20 March 2008
Stability must be priority for looked-after children, say MPs
The Children, Schools and Families Committee today publishes its report on the
Children and Young Persons Bill [Lords] . 1
A major recommendation of the report is the need to maintain the continuity and stability of services for children in care, regardless of who is the provider. The Bill will allow local authorities to contract out responsibility for services to "a provider of social work services" and these arrangements will be piloted over the next five years. The Committee welcomes the pilots but says that they must be properly monitored and evaluated.
Stable relationships with adults are vital for the development of looked-after children and as such the Committee recommends that every looked-after child has one key individual to whom he or she can turn. Where possible the child should be entitled to say which individual should perform that role.
The Government has confirmed that schools must have a designated teacher responsible for looked-after children's educational achievement. As this proposal does not currently apply to Academies, the Committee also advises that if all Academies do not designate a teacher for this crucial role, the Minister should consider including them in this legislation.
The independent reviewing officer system2 is not yet working effectively. The Committee suggests that if problems continue the Government should look again at the need to introduce professional advocates to work on behalf of the child or young person.
The Committee also advocates a broader bursary system to include not just looked-after children who gain a university place but all of those in post-16 education and training.
The Chairman of the Children, Schools and Families Committee, Barry Sheerman MP, said:
"This is the first report of our new Committee. From the outset we have taken a close interest in children's services and the broad scope of children's issues for which the new Department has responsibility.
"Our key message to the Government is that continuity and stability for looked-after children should be the priority at all times. Looked-after children must be able to thrive in an environment where they are given every opportunity to develop both socially and in terms of educational achievement.
"We hope that our report will help to ensure that this remains the primary objective of this important Bill."

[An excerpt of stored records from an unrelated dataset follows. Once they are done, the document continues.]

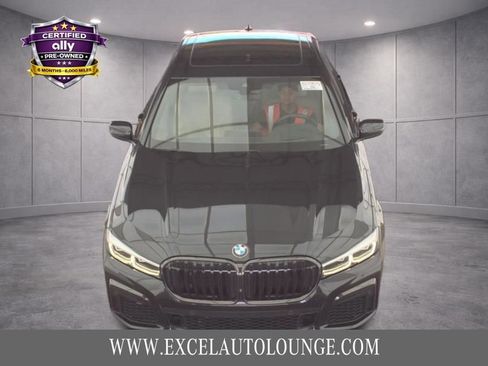 Used 2022 BMW 740i w/ M Sport Package RWD image 11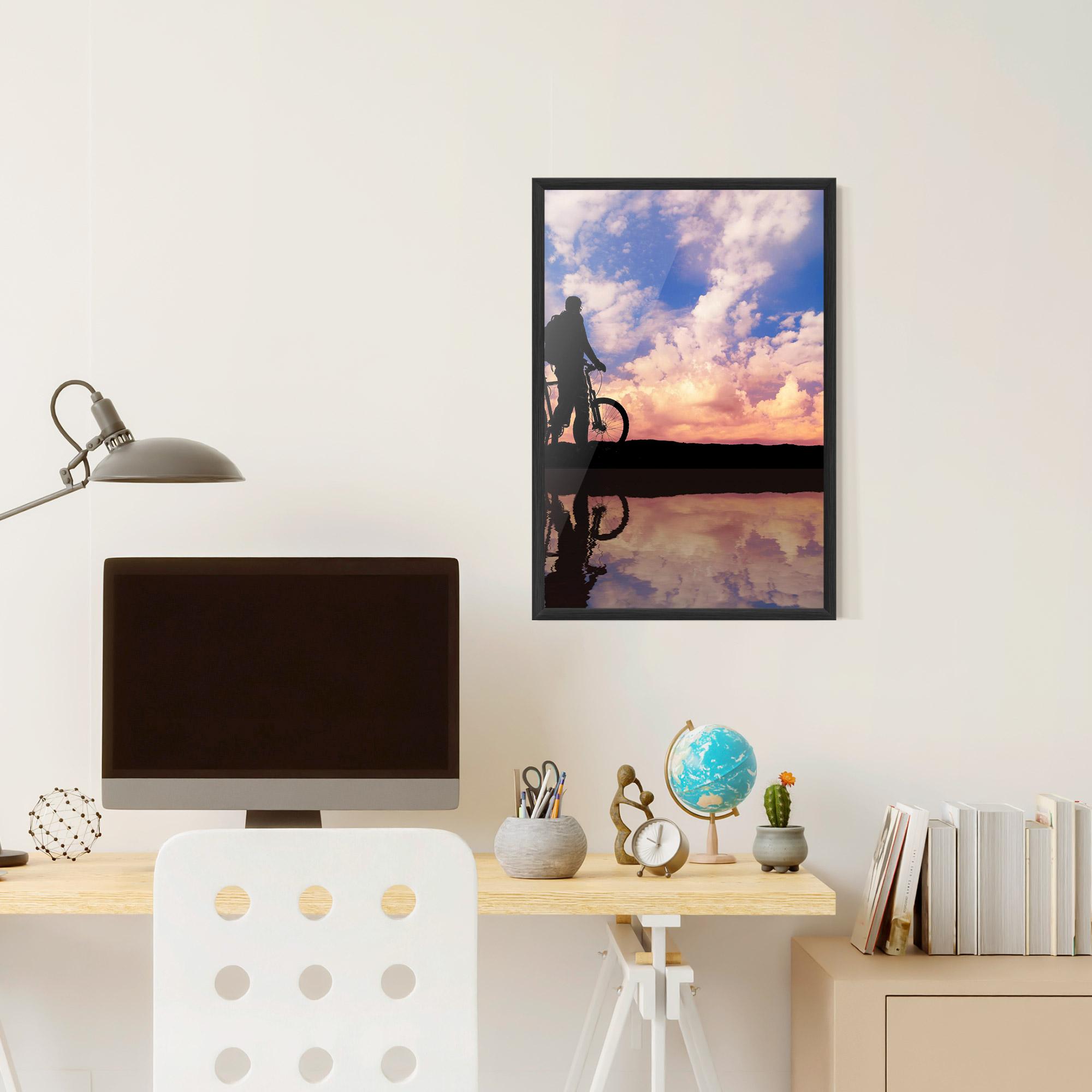 Gerahmte Poster Bike Sunset mockup 6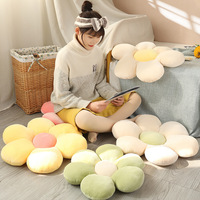 2025 bantal bunga Chamomile dekoratif lucu kursi dekorasi rumah bantal lempar geometris bantal sarung bantal bunga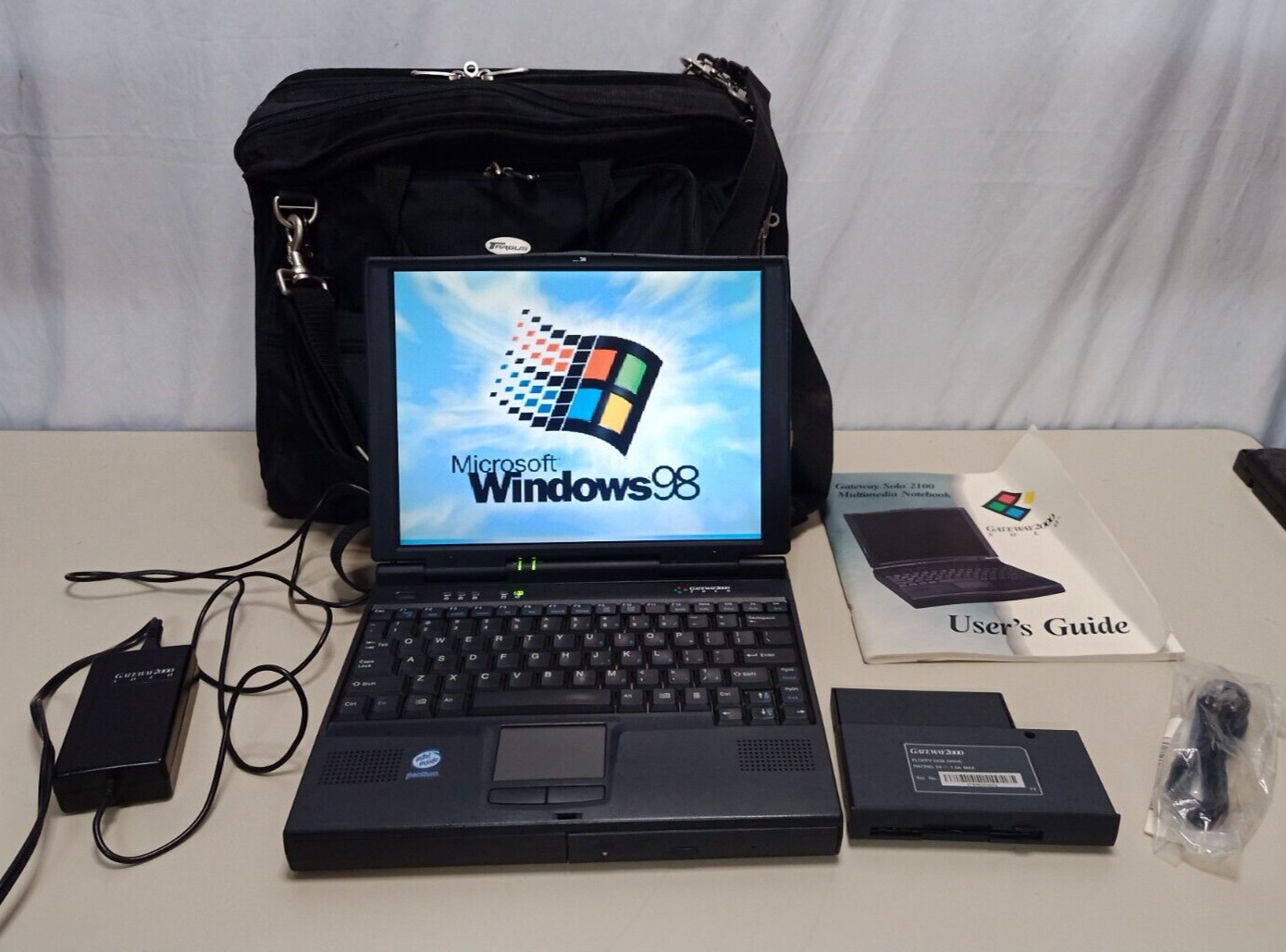 Vintage Gateway 2000 Solo 2100 Laptop Pentium 133MHz 24MB RAM 800MB HDD Win98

1 The Government has been consulting over policy on the care of looked-after children since the publication of the Care Matters green paper in October 2006. The consultation on the green paper led to the White Paper Care Matters: Time for Change in June 2007, and various working groups were then established by the Government to shape proposals further. As part of this process, Children and Young Persons Bill [Lords] was introduced earlier this session to implement changes which required primary legislation.
2 Independent reviewing officers are social workers who chair all looked-after children's statutory review meetings, from which position they can identify any problems with the child's care or with the care plan.